- Directed by: Seema Kapoor
- Written by: Seema Kapoor
- Screenplay by: Seema Kapoor
- Produced by: Anup Jalota, Rakesh Gupta, Dinesh Gupta, Om Chhangani
- Starring: Om Puri Annu Kapoor Vinay Pathak Sarika Brijendra Kala Rajveer Singh Kaashish Vohra Ulka Gupta Meenal Kapoor Swati Kaushik
- Cinematography: Veejay P Varude
- Edited by: Sanjib Datta
- Music by: Ali Ghani, Raaj-Prakash, Vishal Singer: Vikrant Bhartiya, Shaan, Madhushree, Javed ali
- Release date: 8 September 2017;
- Running time: 123 minutes
- Language: Hindi

= Mr. Kabaadi =

Mr. Kabaadi is a 2017 Indian Hindi-language comedy film, written and directed by Seema Kapoor. It is the last film of actor Om Puri.

==Plot==
Mr. Kabaadi is a satirical comedy. When a kabadiwala or a scrap dealer becomes rich he flaunts his wealth.

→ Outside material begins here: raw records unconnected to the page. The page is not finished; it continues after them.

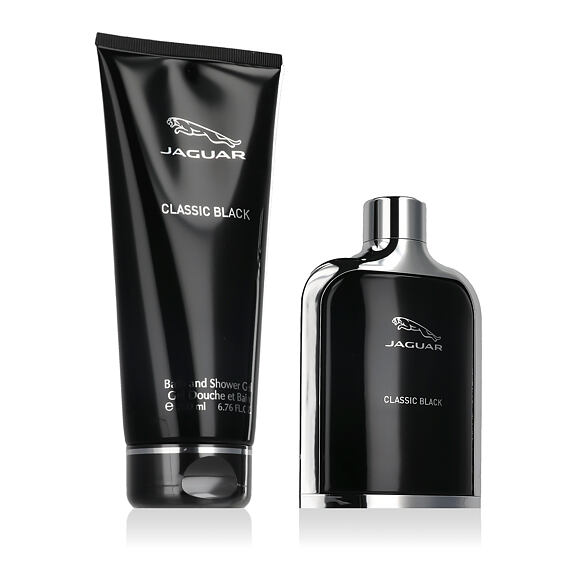Jaguar Classic Black EDT 100 ml + SG 200 ml (man)
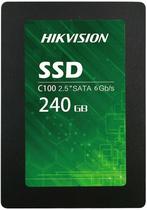 SSD Hikvision 240GB SATA III 2,5" HS-SSD-C100-240G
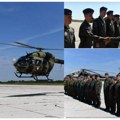 Pripadnici Vojske Srbije upućeni u Sloveniju radi pružanja pomoći, ministar Vučević im poželeo miran povratak: Siguran…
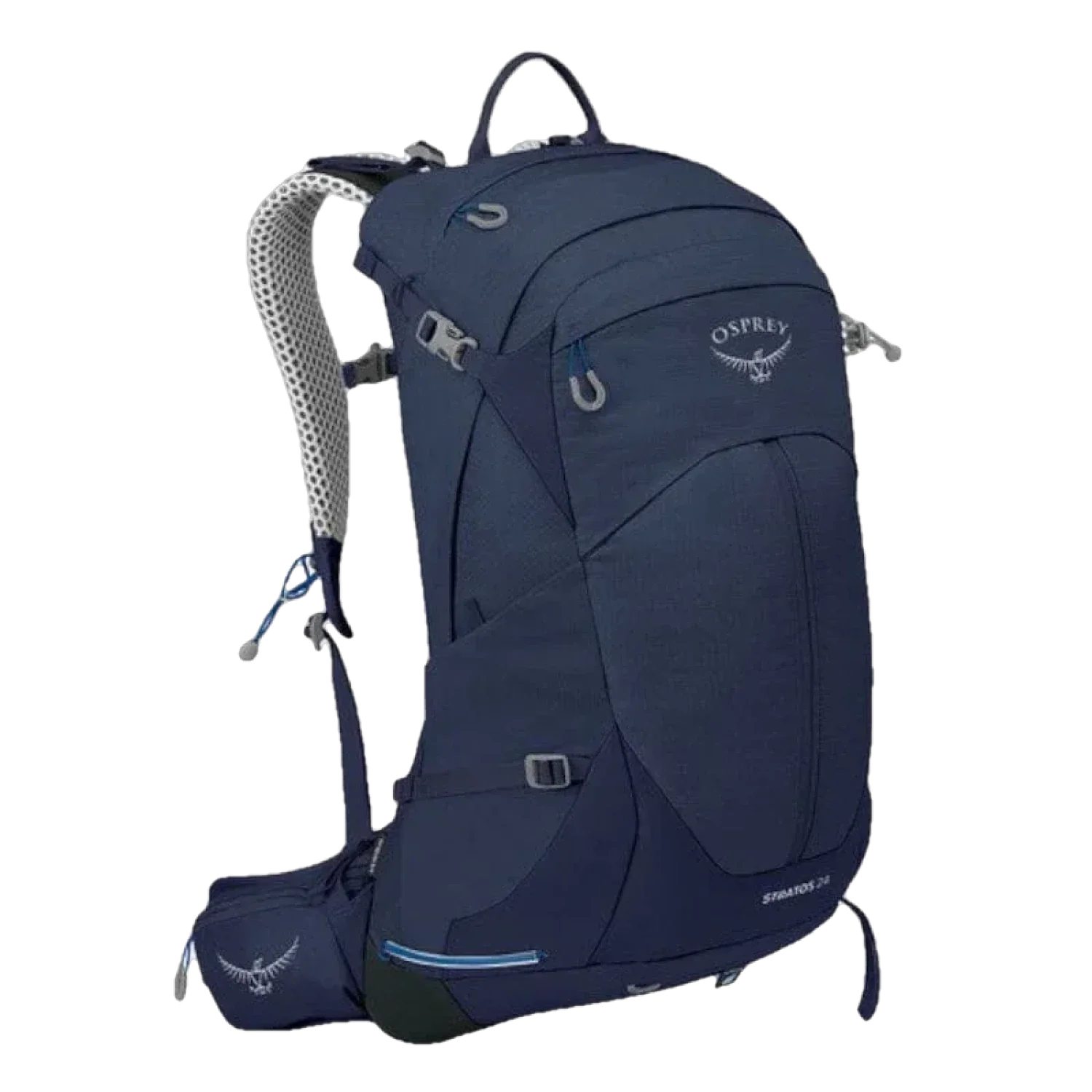 Osprey Packs 09. PACKS|LUGGAGE - PACK|ACTIVE - DAYPACK Men's Stratos 24 CETACEAN BLUE O S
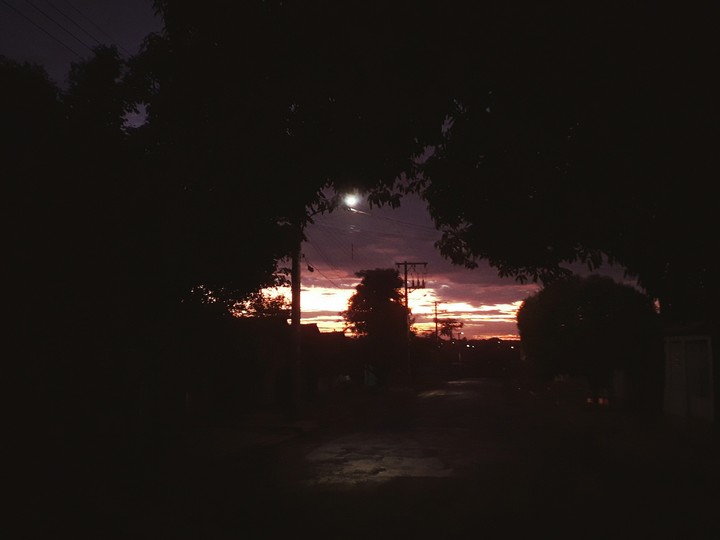 amanhecer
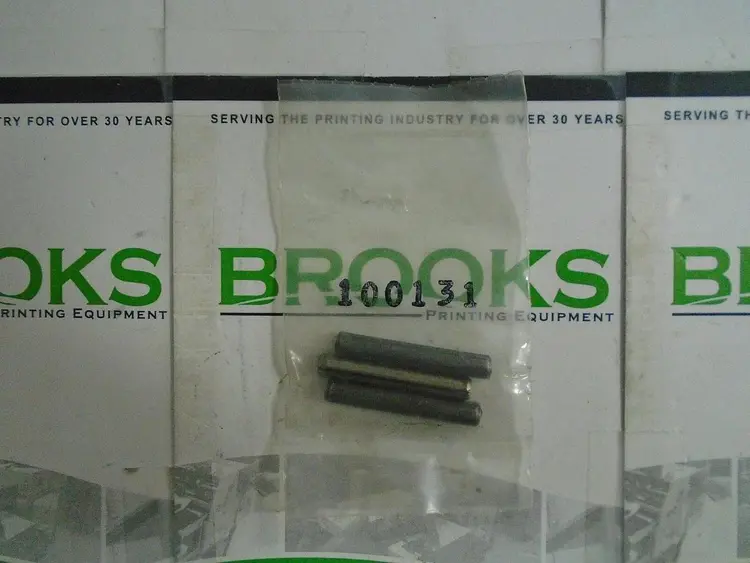 Used AB DICK 100131 Miscellaneous Printing & Paper Equipment North Carolina US | BROOKS PRINTING EQUIPMENT #1139392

To be like other millionaires he changes his wardrobe, tries a different accent while speaking; expanding his business or hiding his ill-gotten wealth.

==Cast==
- Om Puri as Channulal Surmewala
- Annu Kapoor as Kallu Kabadi
- Vinay Pathak as Bhuriya Madari
- Sarika as Chandani
- Kaashish Vohra as Sayali
- Ulka Gupta as Mithi
- Brijendra Kala as Rajendra Arora
- Rajveer Singh as Chaman aka Katte

==Production==
The film is being produced by Anup Jalota, Rakesh Gupta, Dinesh Gupta of Sadhna TV and Mumbai-based businessman Om Chhangani.